_ 久々に帰国した人と、近所の人びとを含めて、夕べは遅くまで飲む。といっても私はコーラ。さすがに疲れて。タクシーで帰宅する。
_ 音楽なんて、全然ききたくないやい!という時が時々あって、今はちょうどそんなかんじ。昔から、何かしながら音楽を聴くことは少なかったのでとくに問題があるわけではないが、こういう波って、いったいどういう種類のものなのだろうか。この頃、コーヒーも、全然飲まなくなった。数日前に一瞬、コーヒーのよい香りに誘われて発作的に飲みたくなったものの、店先を通り過ぎればすぐにそういう気持ちも消えてしまった。昨日、またその発作に襲われたのでスターバックスに入ったものの、頼んだものはいつものチャイ・ラテ。なんなのだ。

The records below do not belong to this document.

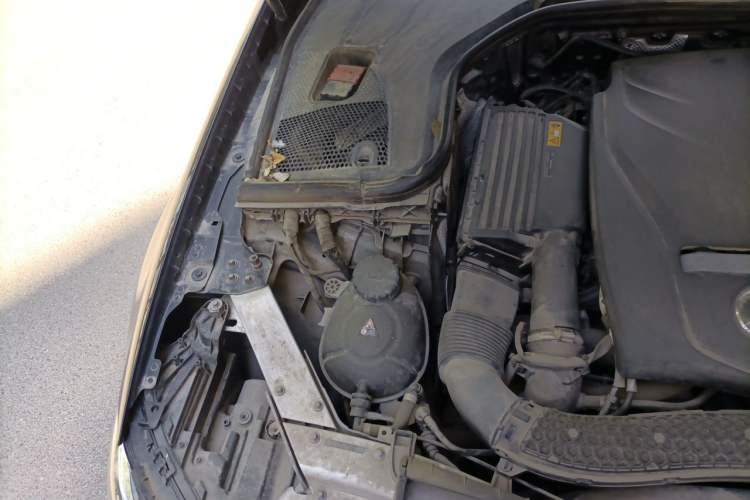 Used Mercedes-Benz E-Class 2018 Facelift E 200 L Sport 4MATIC Engine Bay Right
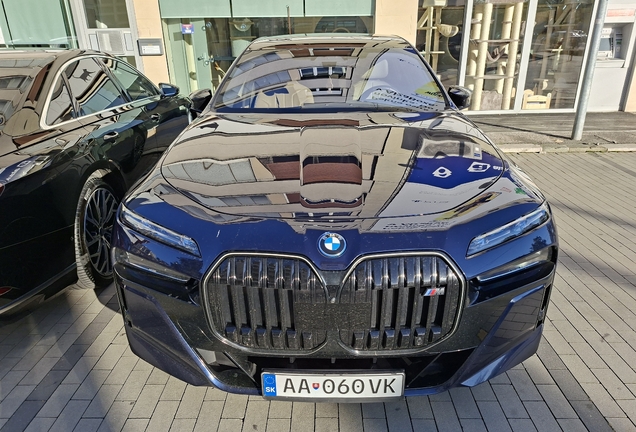 BMW M760e xDrive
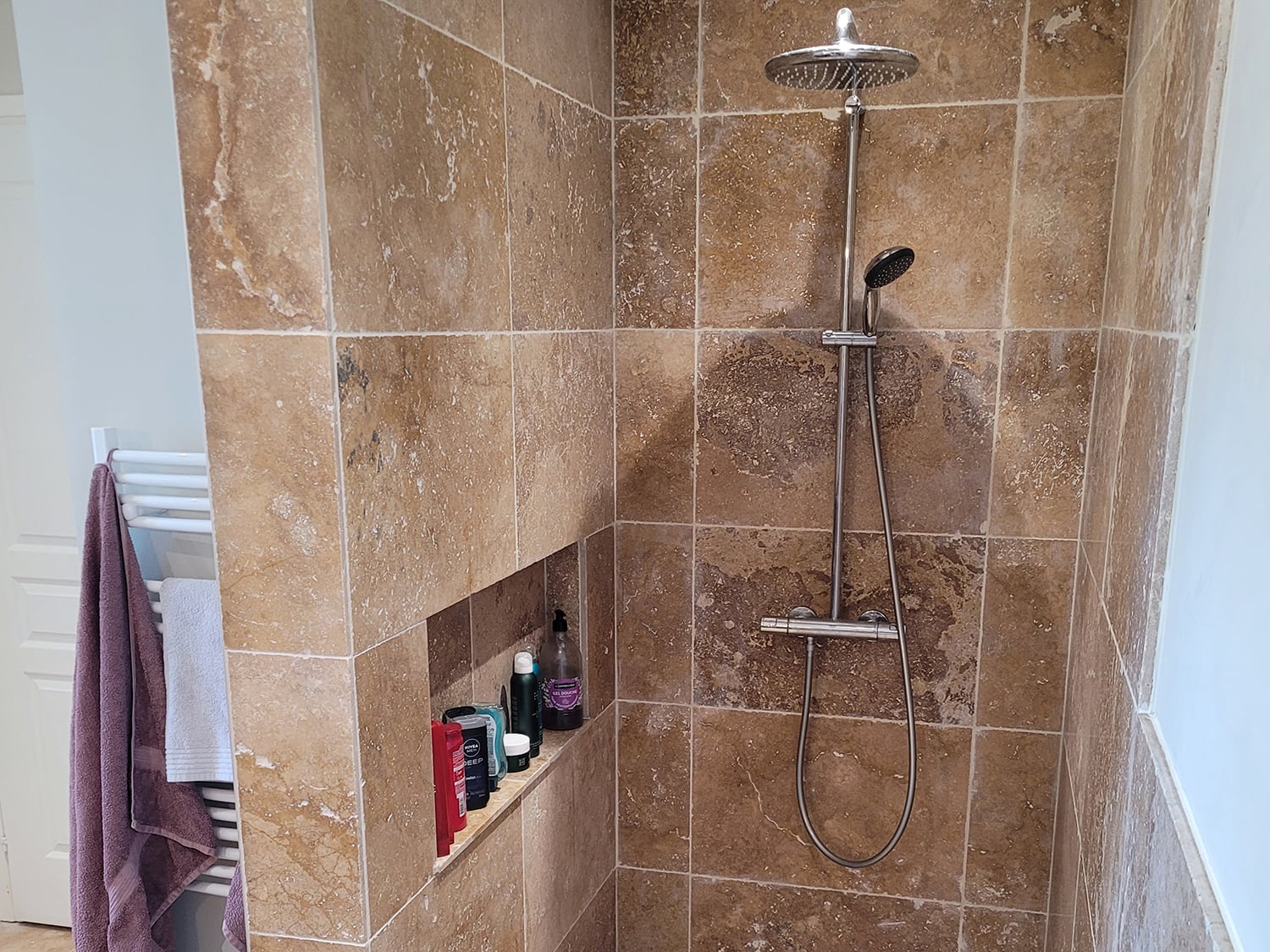 Bathroom | Holiday home in South of France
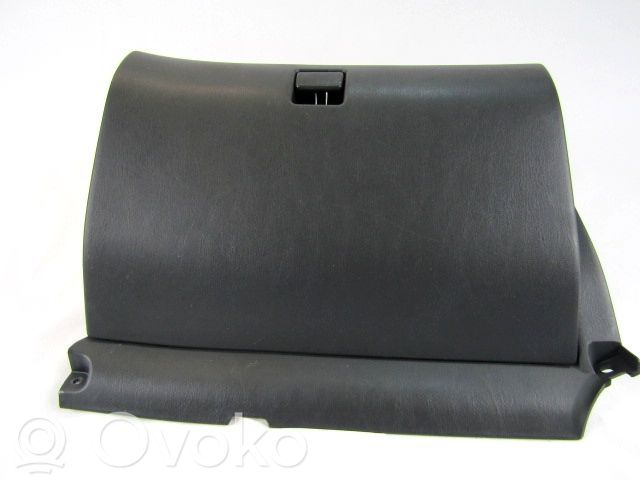 Toyota Corolla E110 Daiktadėžės (bordačioko) komplektas 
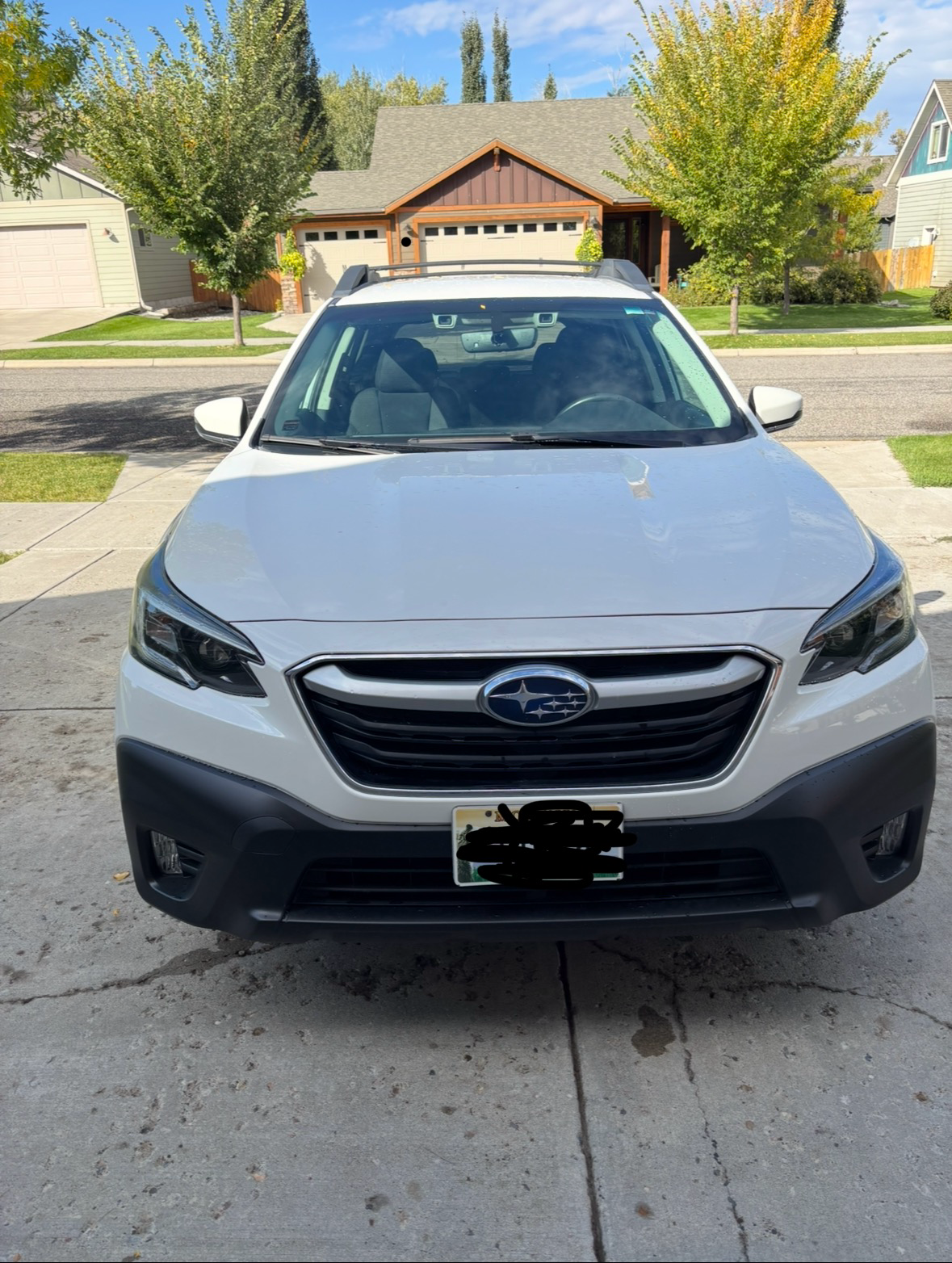 Used 2020 Subaru Outback Premium w/ Tech Package 1 AWD/4WD image 1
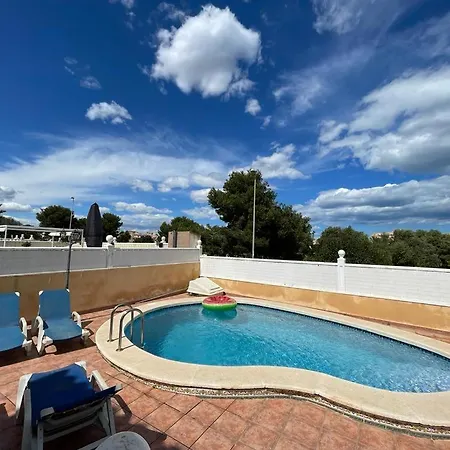 Jamar 3 Bedrooms With Private Pool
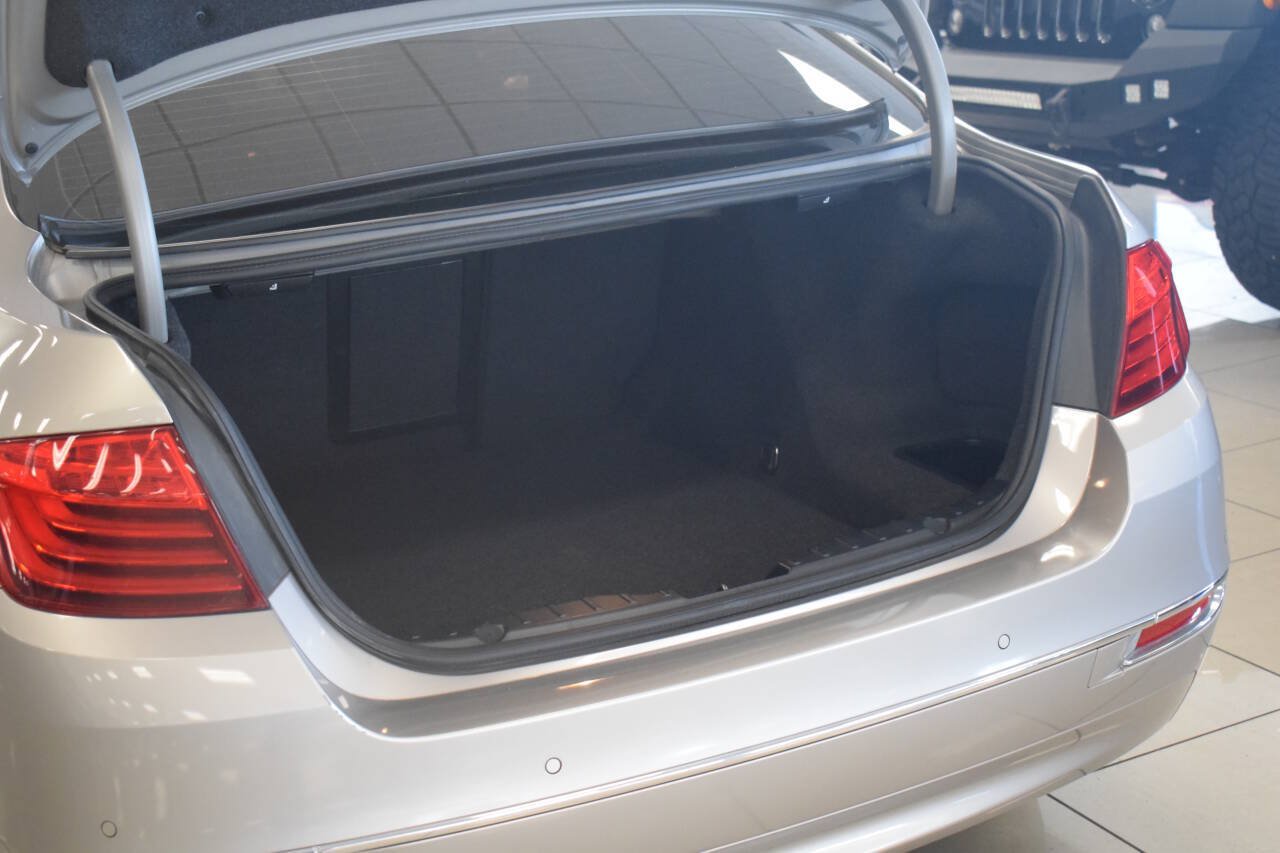 Used 2014 BMW 528i Sedan RWD image 25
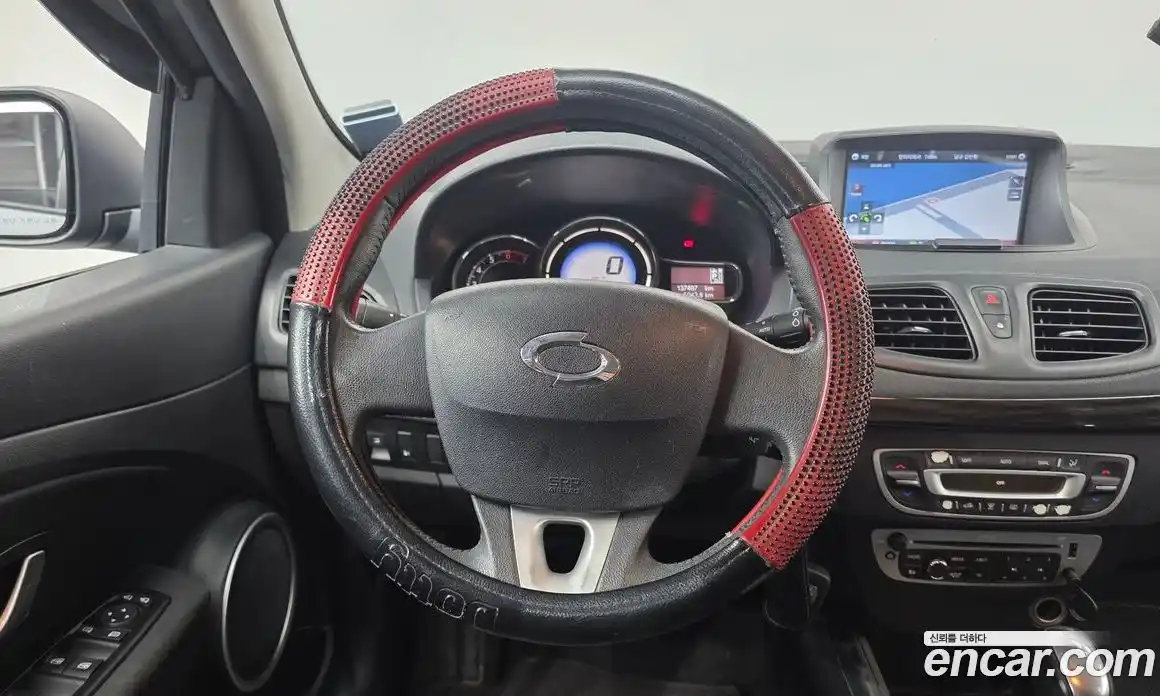 Renault SM3 2014 1.6 Автомат в Москве № 226222, фото 9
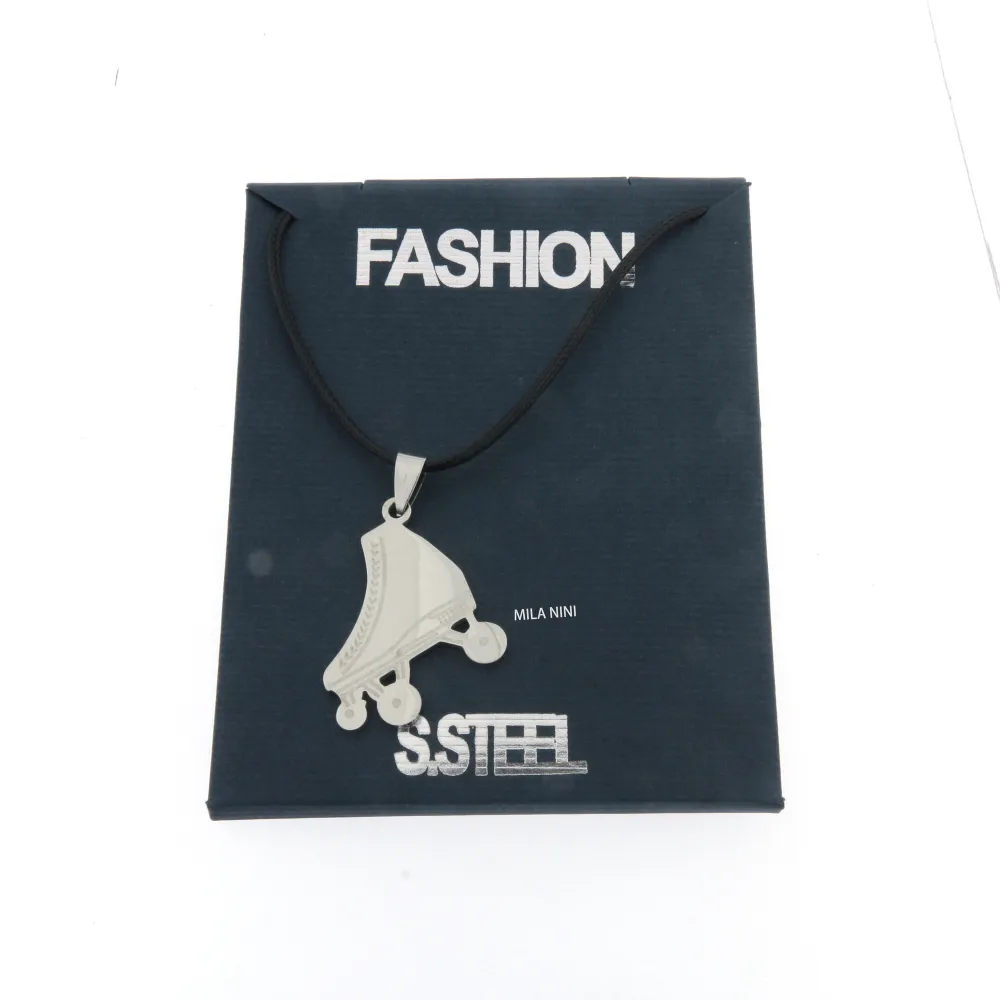 Pattine a Ruote - Collana Corta Unisex - Pattine a Ruote - Collana Corta Unisex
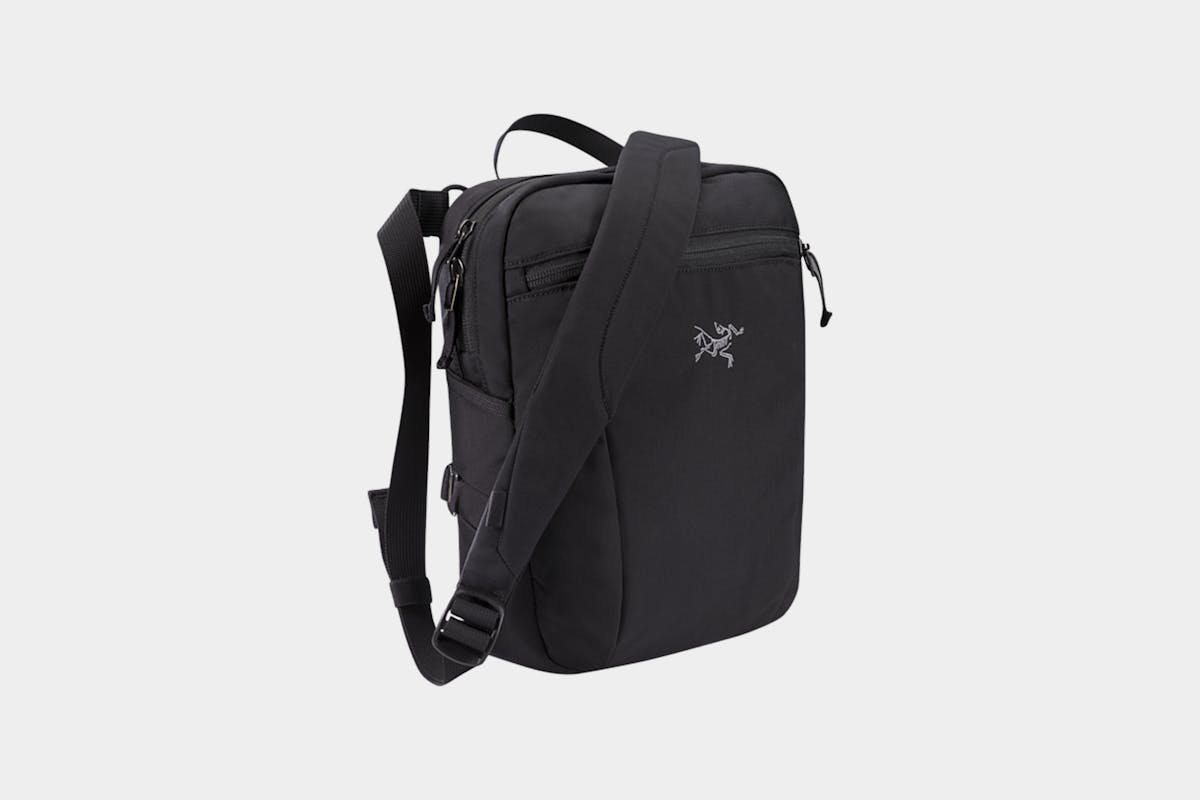 arcteryx-slingblade-4-shoulder
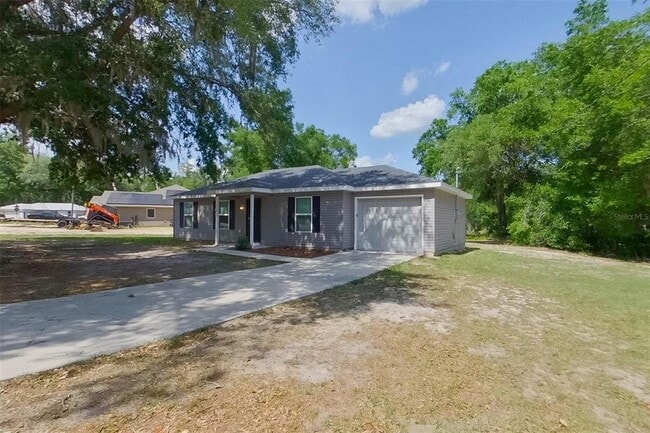 7 Locust Run Cir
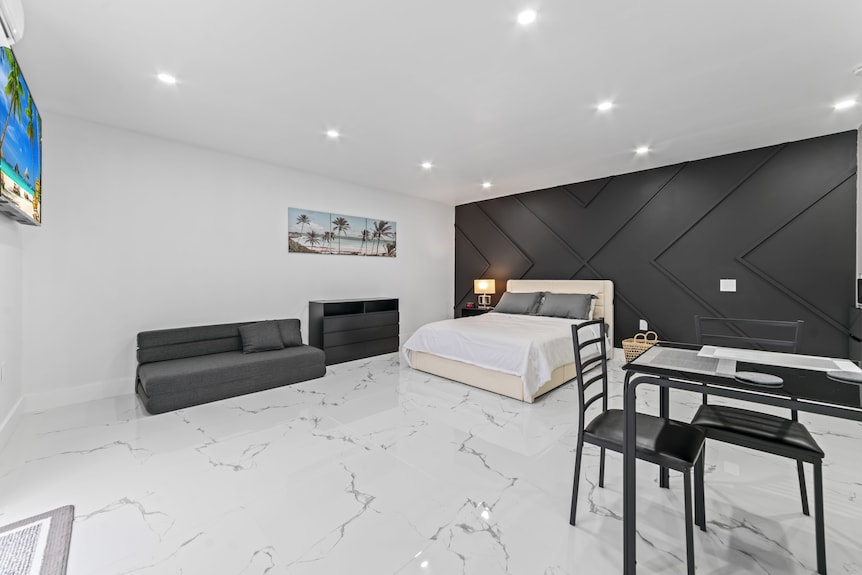 Xl Luxury Room. Luxurious Studio Retreat With Sleek Designs. - Everglades, FL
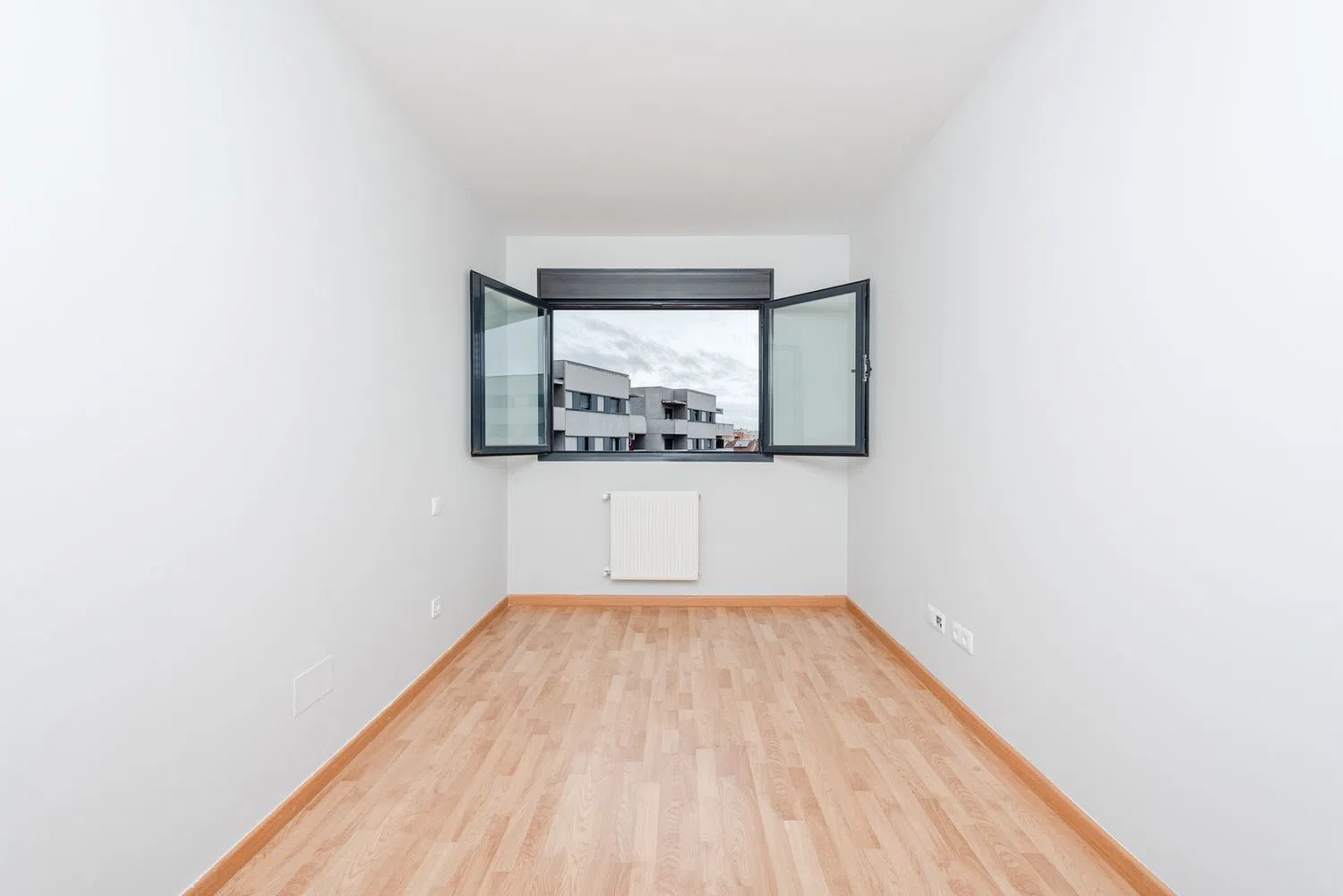 Piso en avenida Joan Miró - Foto 10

_ ドイツのコーヒーは、酸っぱくなくて、深煎りで、とてもおいしかった。今でも強烈に記憶に残されているのは、南の街で吹雪の日に飲んだポット・サービスのコーヒー。シュバルツバルトと一緒にいただいた。あれはもうすばらしい喫茶店だった。たった一人のおばさんウェイトレスさんの采配ぶり、常連客とのやりとり、老婦人二人組が、私でももてあますような巨大な二等辺三角形をぺろりと食べ終えるのを観察しながら、ときどき、隅っこの席でテーブル越しに抱き合って接吻している中年のカップルを眺めていた。日々、断片化する記憶の中で、この日の思い出はコーヒーの香りとともにときどきふと甦ってくる。
いつかおとなになったら、私もテーブル越しに抱き合って、接吻してみたいな…と本気で思ったりしながら吹雪の街に飛び出した。